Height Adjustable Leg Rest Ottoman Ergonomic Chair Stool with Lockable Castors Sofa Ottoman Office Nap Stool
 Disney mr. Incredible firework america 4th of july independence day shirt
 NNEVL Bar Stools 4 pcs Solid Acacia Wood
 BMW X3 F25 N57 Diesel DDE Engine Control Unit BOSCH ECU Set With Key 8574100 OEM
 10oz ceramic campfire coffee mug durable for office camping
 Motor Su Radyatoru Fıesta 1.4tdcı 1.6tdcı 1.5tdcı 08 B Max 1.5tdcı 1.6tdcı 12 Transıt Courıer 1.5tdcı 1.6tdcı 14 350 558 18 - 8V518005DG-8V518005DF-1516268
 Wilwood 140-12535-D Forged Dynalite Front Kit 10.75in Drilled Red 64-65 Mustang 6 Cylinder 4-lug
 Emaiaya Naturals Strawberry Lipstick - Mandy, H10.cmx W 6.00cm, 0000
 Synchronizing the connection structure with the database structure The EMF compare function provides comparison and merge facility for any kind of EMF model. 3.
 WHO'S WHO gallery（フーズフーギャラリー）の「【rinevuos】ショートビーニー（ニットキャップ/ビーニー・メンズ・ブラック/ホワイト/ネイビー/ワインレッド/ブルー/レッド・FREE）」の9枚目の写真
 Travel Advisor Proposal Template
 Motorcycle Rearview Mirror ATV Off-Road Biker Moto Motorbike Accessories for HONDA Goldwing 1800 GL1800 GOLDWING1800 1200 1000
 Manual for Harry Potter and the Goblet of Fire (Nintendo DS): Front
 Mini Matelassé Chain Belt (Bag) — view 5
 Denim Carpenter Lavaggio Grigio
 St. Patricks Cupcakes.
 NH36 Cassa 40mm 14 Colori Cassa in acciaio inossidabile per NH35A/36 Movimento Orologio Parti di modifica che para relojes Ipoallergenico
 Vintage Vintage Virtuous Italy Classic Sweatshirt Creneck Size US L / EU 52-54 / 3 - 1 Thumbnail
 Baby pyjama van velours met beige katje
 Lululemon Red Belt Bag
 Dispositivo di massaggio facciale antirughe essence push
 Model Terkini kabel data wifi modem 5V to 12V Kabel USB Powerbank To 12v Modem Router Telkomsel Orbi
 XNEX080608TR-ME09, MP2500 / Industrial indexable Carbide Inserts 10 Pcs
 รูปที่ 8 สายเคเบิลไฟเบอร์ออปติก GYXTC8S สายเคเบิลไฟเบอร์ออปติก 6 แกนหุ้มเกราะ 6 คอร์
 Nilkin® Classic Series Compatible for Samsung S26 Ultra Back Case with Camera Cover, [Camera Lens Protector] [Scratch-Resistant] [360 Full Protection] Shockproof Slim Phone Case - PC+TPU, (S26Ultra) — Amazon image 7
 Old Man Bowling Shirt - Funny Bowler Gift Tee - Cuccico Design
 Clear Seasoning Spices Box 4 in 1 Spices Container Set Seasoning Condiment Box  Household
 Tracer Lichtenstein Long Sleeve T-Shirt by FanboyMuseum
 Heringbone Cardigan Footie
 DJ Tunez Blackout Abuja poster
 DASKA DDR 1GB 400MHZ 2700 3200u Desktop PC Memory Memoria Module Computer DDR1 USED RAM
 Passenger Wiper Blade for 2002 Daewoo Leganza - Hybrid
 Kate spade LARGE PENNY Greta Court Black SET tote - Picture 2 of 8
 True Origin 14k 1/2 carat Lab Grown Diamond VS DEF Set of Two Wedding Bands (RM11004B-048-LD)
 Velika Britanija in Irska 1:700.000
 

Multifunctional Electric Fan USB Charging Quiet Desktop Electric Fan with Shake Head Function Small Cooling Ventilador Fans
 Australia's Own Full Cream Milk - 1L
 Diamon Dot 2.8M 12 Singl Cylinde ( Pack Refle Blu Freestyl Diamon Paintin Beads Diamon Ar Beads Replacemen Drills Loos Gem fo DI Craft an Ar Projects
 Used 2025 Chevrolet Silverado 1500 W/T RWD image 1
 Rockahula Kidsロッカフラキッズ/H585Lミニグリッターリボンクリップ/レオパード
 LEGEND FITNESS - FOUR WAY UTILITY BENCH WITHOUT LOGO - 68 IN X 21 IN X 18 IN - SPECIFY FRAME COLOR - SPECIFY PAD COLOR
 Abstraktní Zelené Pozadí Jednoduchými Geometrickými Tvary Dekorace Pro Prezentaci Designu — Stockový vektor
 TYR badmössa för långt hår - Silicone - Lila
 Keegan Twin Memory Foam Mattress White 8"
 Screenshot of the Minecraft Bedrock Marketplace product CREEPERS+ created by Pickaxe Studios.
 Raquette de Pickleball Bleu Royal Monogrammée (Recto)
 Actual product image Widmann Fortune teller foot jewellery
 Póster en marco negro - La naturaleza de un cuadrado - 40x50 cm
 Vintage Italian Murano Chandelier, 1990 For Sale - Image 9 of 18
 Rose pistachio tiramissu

______________________________

What the task requires:
Print the records above again, every one, exactly as written.

Solution:
Height Adjustable Leg Rest Ottoman Ergonomic Chair Stool with Lockable Castors Sofa Ottoman Office Nap Stool
 Disney mr. Incredible firework america 4th of july independence day shirt
 NNEVL Bar Stools 4 pcs Solid Acacia Wood
 BMW X3 F25 N57 Diesel DDE Engine Control Unit BOSCH ECU Set With Key 8574100 OEM
 10oz ceramic campfire coffee mug durable for office camping
 Motor Su Radyatoru Fıesta 1.4tdcı 1.6tdcı 1.5tdcı 08 B Max 1.5tdcı 1.6tdcı 12 Transıt Courıer 1.5tdcı 1.6tdcı 14 350 558 18 - 8V518005DG-8V518005DF-1516268
 Wilwood 140-12535-D Forged Dynalite Front Kit 10.75in Drilled Red 64-65 Mustang 6 Cylinder 4-lug
 Emaiaya Naturals Strawberry Lipstick - Mandy, H10.cmx W 6.00cm, 0000
 Synchronizing the connection structure with the database structure The EMF compare function provides comparison and merge facility for any kind of EMF model. 3.
 WHO'S WHO gallery（フーズフーギャラリー）の「【rinevuos】ショートビーニー（ニットキャップ/ビーニー・メンズ・ブラック/ホワイト/ネイビー/ワインレッド/ブルー/レッド・FREE）」の9枚目の写真
 Travel Advisor Proposal Template
 Motorcycle Rearview Mirror ATV Off-Road Biker Moto Motorbike Accessories for HONDA Goldwing 1800 GL1800 GOLDWING1800 1200 1000
 Manual for Harry Potter and the Goblet of Fire (Nintendo DS): Front
 Mini Matelassé Chain Belt (Bag) — view 5
 Denim Carpenter Lavaggio Grigio
 St. Patricks Cupcakes.
 NH36 Cassa 40mm 14 Colori Cassa in acciaio inossidabile per NH35A/36 Movimento Orologio Parti di modifica che para relojes Ipoallergenico
 Vintage Vintage Virtuous Italy Classic Sweatshirt Creneck Size US L / EU 52-54 / 3 - 1 Thumbnail
 Baby pyjama van velours met beige katje
 Lululemon Red Belt Bag
 Dispositivo di massaggio facciale antirughe essence push
 Model Terkini kabel data wifi modem 5V to 12V Kabel USB Powerbank To 12v Modem Router Telkomsel Orbi
 XNEX080608TR-ME09, MP2500 / Industrial indexable Carbide Inserts 10 Pcs
 รูปที่ 8 สายเคเบิลไฟเบอร์ออปติก GYXTC8S สายเคเบิลไฟเบอร์ออปติก 6 แกนหุ้มเกราะ 6 คอร์
 Nilkin® Classic Series Compatible for Samsung S26 Ultra Back Case with Camera Cover, [Camera Lens Protector] [Scratch-Resistant] [360 Full Protection] Shockproof Slim Phone Case - PC+TPU, (S26Ultra) — Amazon image 7
 Old Man Bowling Shirt - Funny Bowler Gift Tee - Cuccico Design
 Clear Seasoning Spices Box 4 in 1 Spices Container Set Seasoning Condiment Box  Household
 Tracer Lichtenstein Long Sleeve T-Shirt by FanboyMuseum
 Heringbone Cardigan Footie
 DJ Tunez Blackout Abuja poster
 DASKA DDR 1GB 400MHZ 2700 3200u Desktop PC Memory Memoria Module Computer DDR1 USED RAM
 Passenger Wiper Blade for 2002 Daewoo Leganza - Hybrid
 Kate spade LARGE PENNY Greta Court Black SET tote - Picture 2 of 8
 True Origin 14k 1/2 carat Lab Grown Diamond VS DEF Set of Two Wedding Bands (RM11004B-048-LD)
 Velika Britanija in Irska 1:700.000
 

Multifunctional Electric Fan USB Charging Quiet Desktop Electric Fan with Shake Head Function Small Cooling Ventilador Fans
 Australia's Own Full Cream Milk - 1L
 Diamon Dot 2.8M 12 Singl Cylinde ( Pack Refle Blu Freestyl Diamon Paintin Beads Diamon Ar Beads Replacemen Drills Loos Gem fo DI Craft an Ar Projects
 Used 2025 Chevrolet Silverado 1500 W/T RWD image 1
 Rockahula Kidsロッカフラキッズ/H585Lミニグリッターリボンクリップ/レオパード
 LEGEND FITNESS - FOUR WAY UTILITY BENCH WITHOUT LOGO - 68 IN X 21 IN X 18 IN - SPECIFY FRAME COLOR - SPECIFY PAD COLOR
 Abstraktní Zelené Pozadí Jednoduchými Geometrickými Tvary Dekorace Pro Prezentaci Designu — Stockový vektor
 TYR badmössa för långt hår - Silicone - Lila
 Keegan Twin Memory Foam Mattress White 8"
 Screenshot of the Minecraft Bedrock Marketplace product CREEPERS+ created by Pickaxe Studios.
 Raquette de Pickleball Bleu Royal Monogrammée (Recto)
 Actual product image Widmann Fortune teller foot jewellery
 Póster en marco negro - La naturaleza de un cuadrado - 40x50 cm
 Vintage Italian Murano Chandelier, 1990 For Sale - Image 9 of 18
 Rose pistachio tiramissu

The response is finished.